Carter vient piquer un peu de nourriture dans la poêle, un bout de viande avec de la sauce, et Lena la regarde faire, l’œil brillant. Ses lèvres s'étirent en un sourire narquois et elle suit doucement la même voie que son amie. Elle aussi venant goûter la mixture qui baigne depuis un moment, sur le bout de la cuillère en bois. Les saveurs explosent sur ses papilles et elle expire de satisfaction, avant de retourner la faveur. Elle hausse les sourcils de manière suggestive, avant que de la sauce ne coule sur sa paume, la brûlant légèrement au passage. Lena serre les dents, soufflant au travers et grimace au moment où Carter attrape sa main, lui demandant si elle ne s'est pas brûlée. Ça devrait aller, t'en fais pas, c'est rien du tout. La blonde repose la spatule dans le plat et nettoie doucement la tâche sur la main de la brune, qui tique à chaque fois que le sopalin frôle la peau tiraillée. Lena glisse ensuite ses mains sous l'eau, alors que son amie le lui intime, et le contact frais la fait soupirer doucement. Restant bien un moment à contempler l'eau qui caresse sa peau pâle, Lena tourne finalement la tête vers Carter qui lui demande si elle préfère manger au salon plutôt que dans la cuisine. Oh, comme tu préfères, je m'en fiche un peu. Des fois il m'arrive de manger sur mon lit, alors voilà quoi... Elle ricane tranquillement, coupant l'eau du robinet avant de s'essuyer les mains.

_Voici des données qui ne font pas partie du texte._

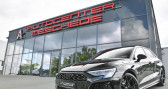 Audi RS3 Sportback 2.5 TFSI RS-Design  2023 - annonce de voiture en vente sur Auto Sélection.com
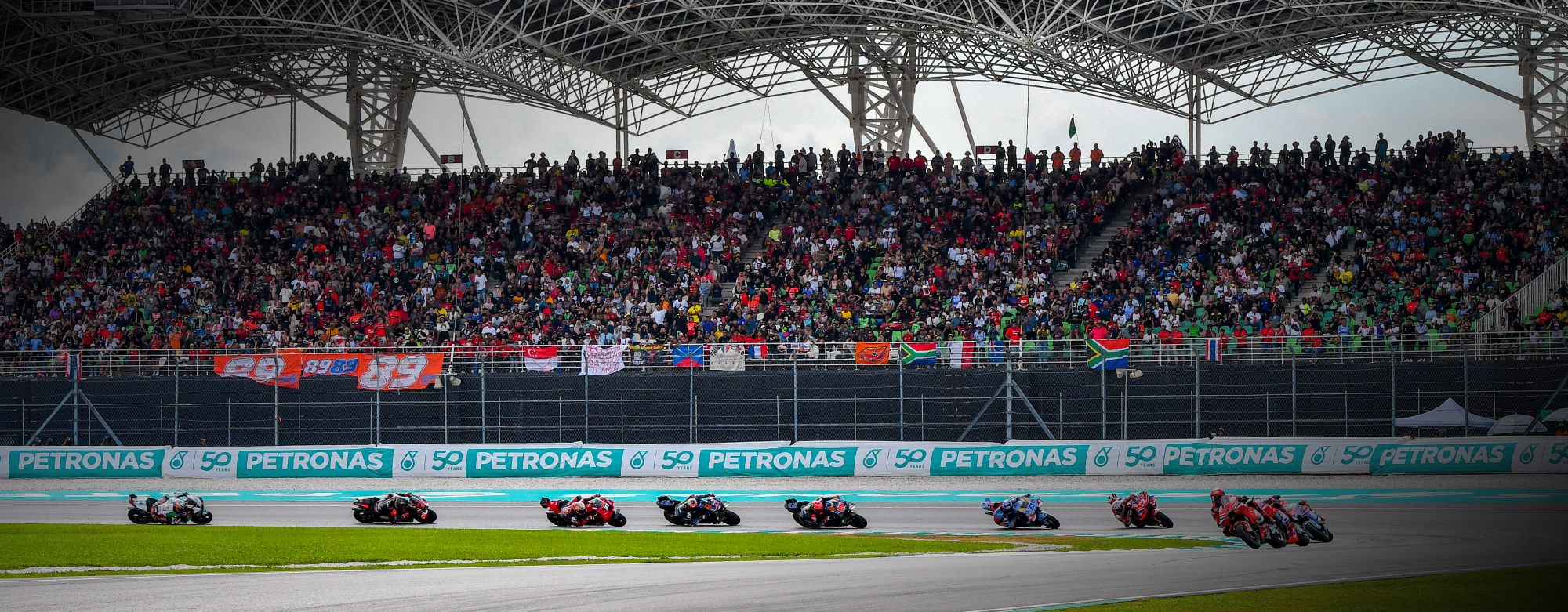 First Corner Battles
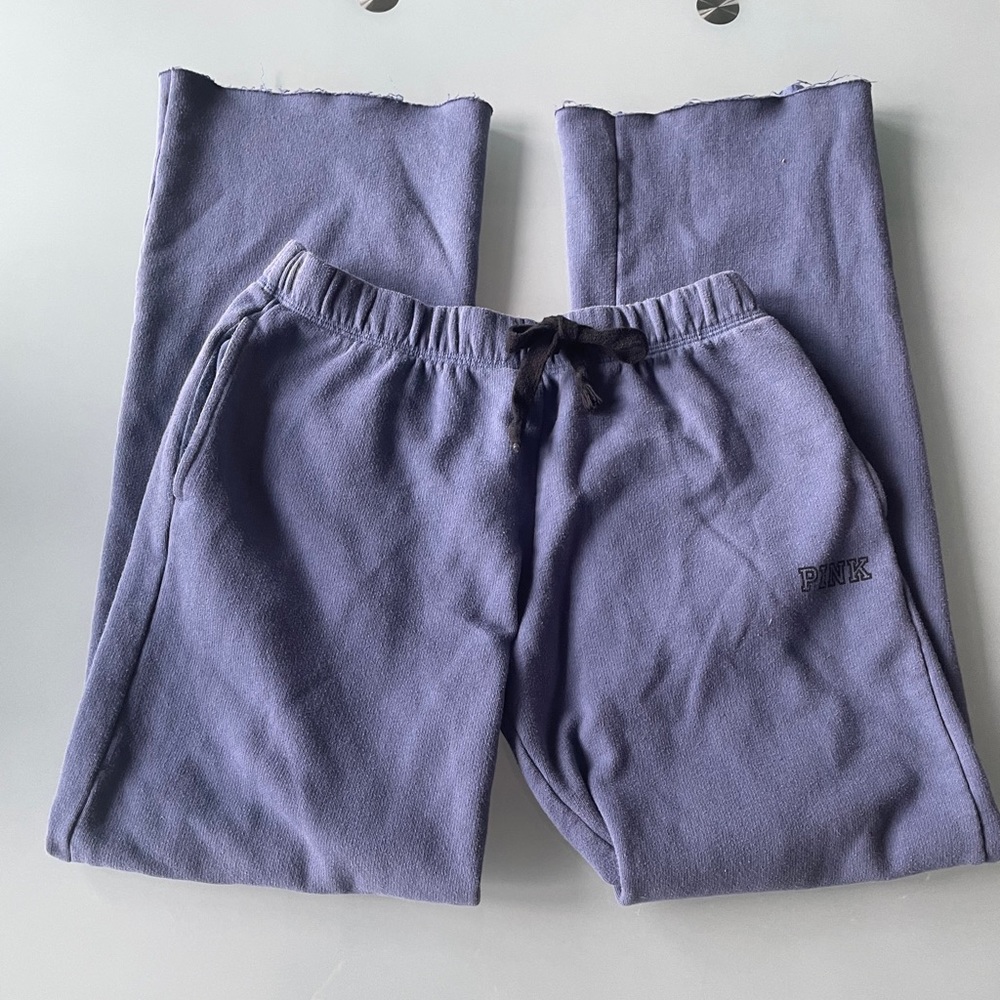 “Pink” Boyfriend sweatpants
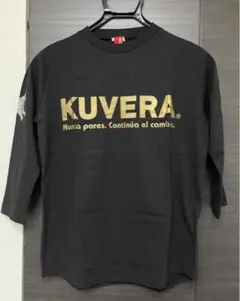 【新品未使用】KUVERA 7分丈シャツ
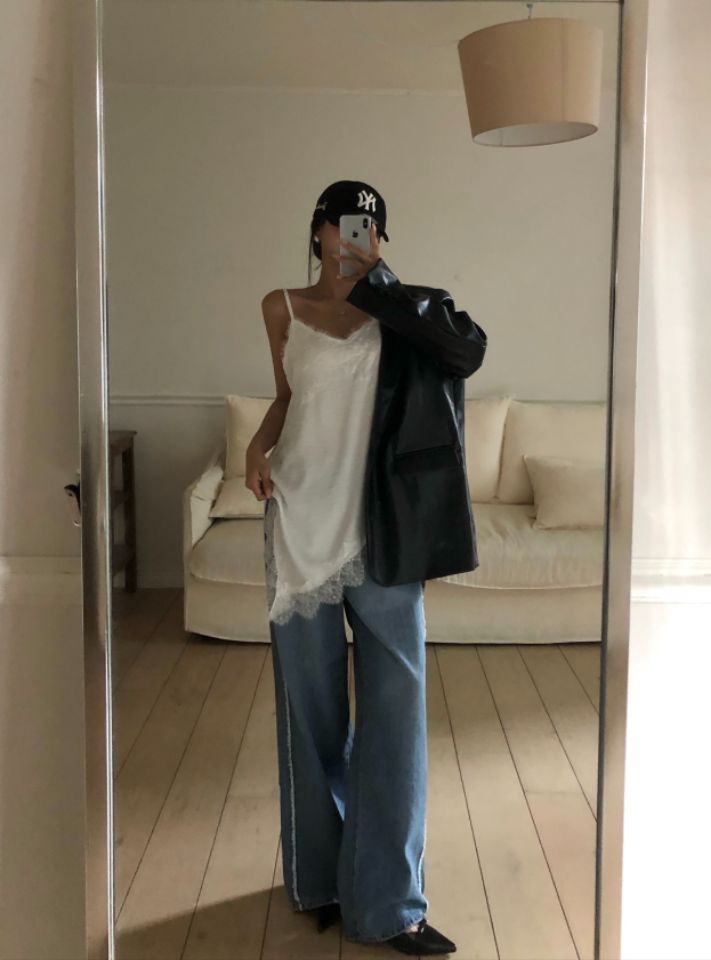 mars東大門實拍女士新品真品休閑推薦時尚人氣熱賣吊帶背心mars吊帶/背心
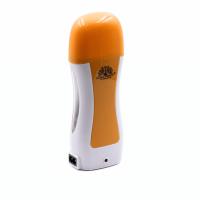 Electric Wax Machine Roller – Portable Hair Removal | Orange
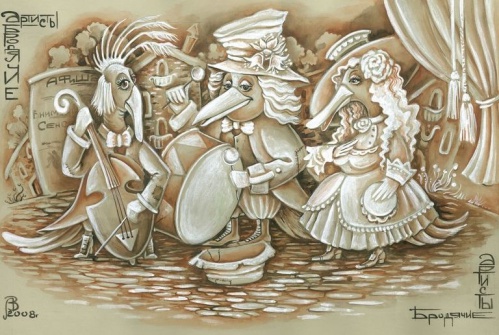 Волгоградцам покажут «Всякую всячину»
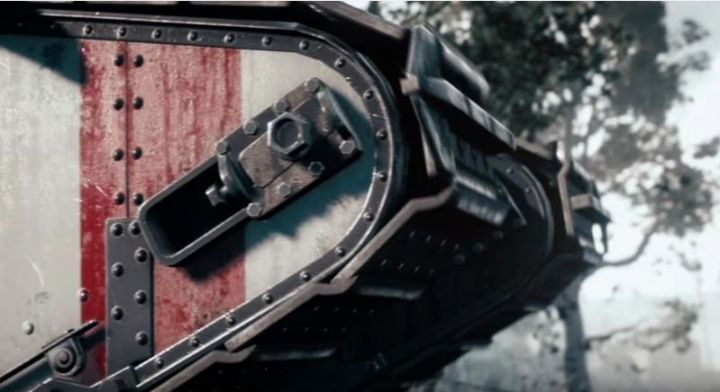 Battlefield 1 Trailer Screenshot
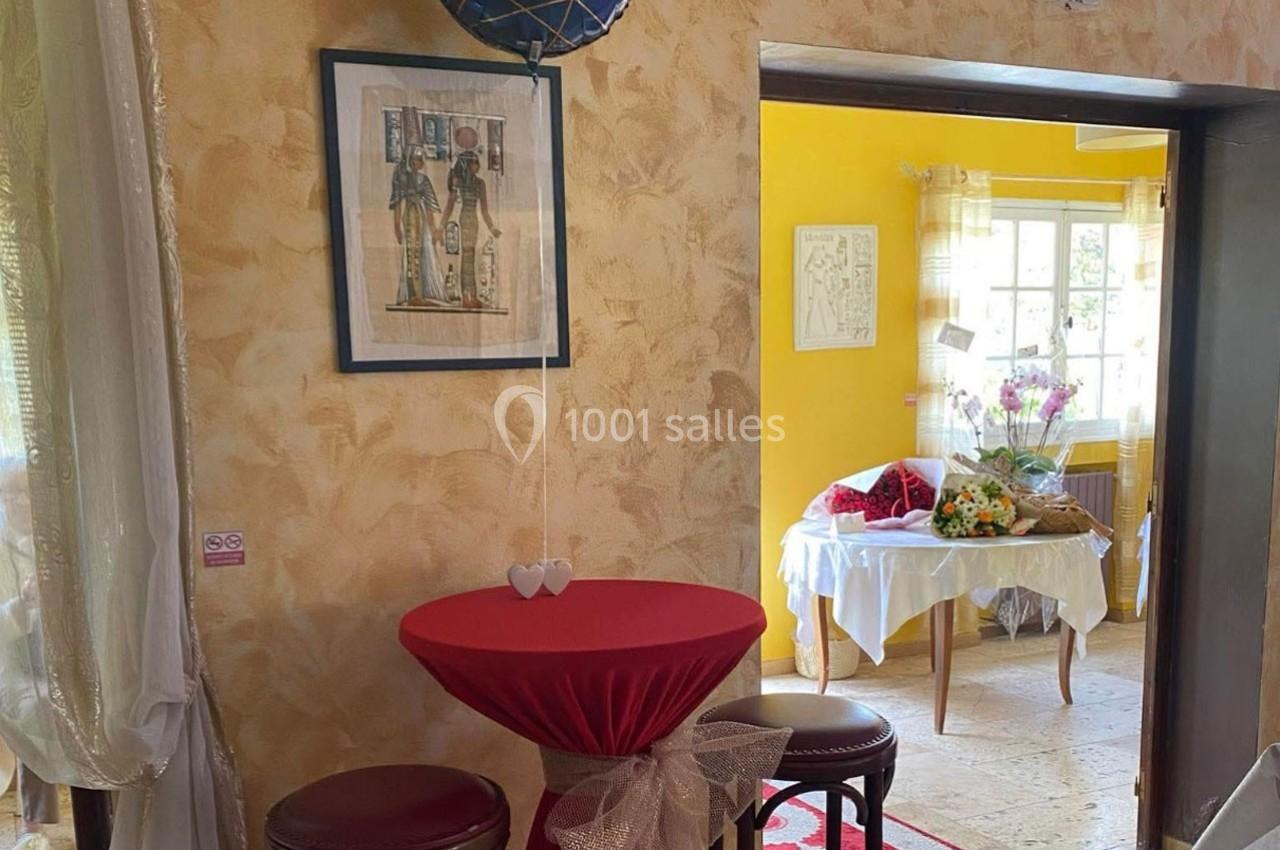 Location salle Fréjus (Var) - Hôtel Restaurant Horus #10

Jetant un coup d’œil à la table, elle remarque que Carter a déjà tout préparé sur un plateau. La brune retourne aux fourneaux, touillant les pâtes et vérifiant la cuisson, avant de mélanger encore un peu la sauce tomate. Oui c'est prêt là, j'ai plus qu'à égoutter les pâtes et ça sera bon. S'abaissant un peu, Lena ouvre un placard pour en sortir un égouttoir, et le place dans l'évier, avant d'attraper la casserole remplie d'eau et de pâtes. Inclinant le plat, elle laisse l'eau couler au travers et secoue un peu pour que le reste de pâtes tombe dans l'égouttoir. La belle attrape rapidement sa cuillère et touille un coup pour retirer l'eau encore présente, et transvase le contenue à nouveau dans la casserole. La replaçant sur le feu, Lena se met sur la pointe des pieds pour chercher un dessous de plat en hauteur, dévoilant à nouveau la peau de son ventre. Elle n'y fait pas attention et attrape deux dessous plats d'une seule main, les posant sur le plan de travail avant d'y placer la poêle et la casserole. Bon, tu préfères qu'on mette déjà tout là-bas où on se sert ici ? Carter lui répond qu'elles ramènent tout dans le salon, alors Lena hoche la tête et attrape un dessous de plat après l'autre, pour les déposer sur la table basse. En deux allers-retours, elle vérifie tout de même si elles n'ont rien oublié, et la brune tique en remarquant qu'elle n'a pas pensé à prendre du fromage râpé pour en mettre par dessus le plat. Alors que Carter s'affaire dans le salon, Lena retire le tablier et le dépose sur la table de la cuisine, avant se de diriger vers le frigo. L'ouvrant, la belle cherche le fromage du regard et l'attrape délicatement avant de refermer la porte, puis reprend la direction du salon. Tiens, j'avais oublié ça. A moins que tu préfères le parmesan dessus ? La brune dépose le fromage râpé sur la table, prête à retourner en cuisine si besoin est, attendant la réponse de son amie, tout en lorgnant sur les plats fumants à la fragrance si parfumée et délicate.